Four weeks ago, I made one of the toughest decisions of my life. Ever since I was a child I’ve known I was different but I’ve done my best to conceal that fact. For most of my adult life I’ve pretended to be ‘normal’ and my late mother, God bless her, went to her grave without knowing the truth. But I cannot continue to live a lie. At the beginning of the election campaign I finally came out. Ladies and gentleman, I am a Tory.
Not surprisingly, many of my friends said they already knew this. Indeed, they claimed to be amused to discover I was under the impression that I had successfully concealed it from them. As one of them put it, the closet I was in had a glass door. ‘Surely, no one is shocked by the news?’ asked a Facebook friend.
But some have not been so understanding. As someone put it on Twitter: ‘Trying really hard to differentiate Toby Young, writer and general witty guy, and Toby Young, Tory twat.’ One friend told me that several of our mutual acquaintances are deeply shocked, particularly as my late father was the author of Labour’s 1945 manifesto. ‘What would Michael have thought?’ is a common refrain. There is a suggestion that by coming out I haven’t just embarrassed myself, I’ve brought shame on my family.

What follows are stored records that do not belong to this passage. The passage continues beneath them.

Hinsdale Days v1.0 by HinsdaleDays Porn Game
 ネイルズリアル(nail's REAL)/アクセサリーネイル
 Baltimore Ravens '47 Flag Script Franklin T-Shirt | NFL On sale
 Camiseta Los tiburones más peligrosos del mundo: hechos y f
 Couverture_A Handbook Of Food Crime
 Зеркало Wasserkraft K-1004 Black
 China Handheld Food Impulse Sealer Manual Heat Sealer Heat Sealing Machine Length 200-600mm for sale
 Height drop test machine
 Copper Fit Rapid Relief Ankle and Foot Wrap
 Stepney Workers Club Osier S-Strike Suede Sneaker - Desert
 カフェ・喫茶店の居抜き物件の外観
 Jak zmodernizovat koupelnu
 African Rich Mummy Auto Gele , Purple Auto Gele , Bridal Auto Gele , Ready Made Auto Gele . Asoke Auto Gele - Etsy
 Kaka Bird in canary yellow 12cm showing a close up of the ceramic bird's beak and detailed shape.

Naturally, my reaction to this is one of anger — anger with myself for not having been more honest about the way I am. By remaining closeted for so long I have been tacitly accepting that society is right to disapprove of people like me. After all, if I didn’t think that being blue was something to be ashamed of, why keep quiet about it? By pretending to be ‘normal’, not only did I fail to confront society’s prejudice, but I was making life harder for those of a similar disposition.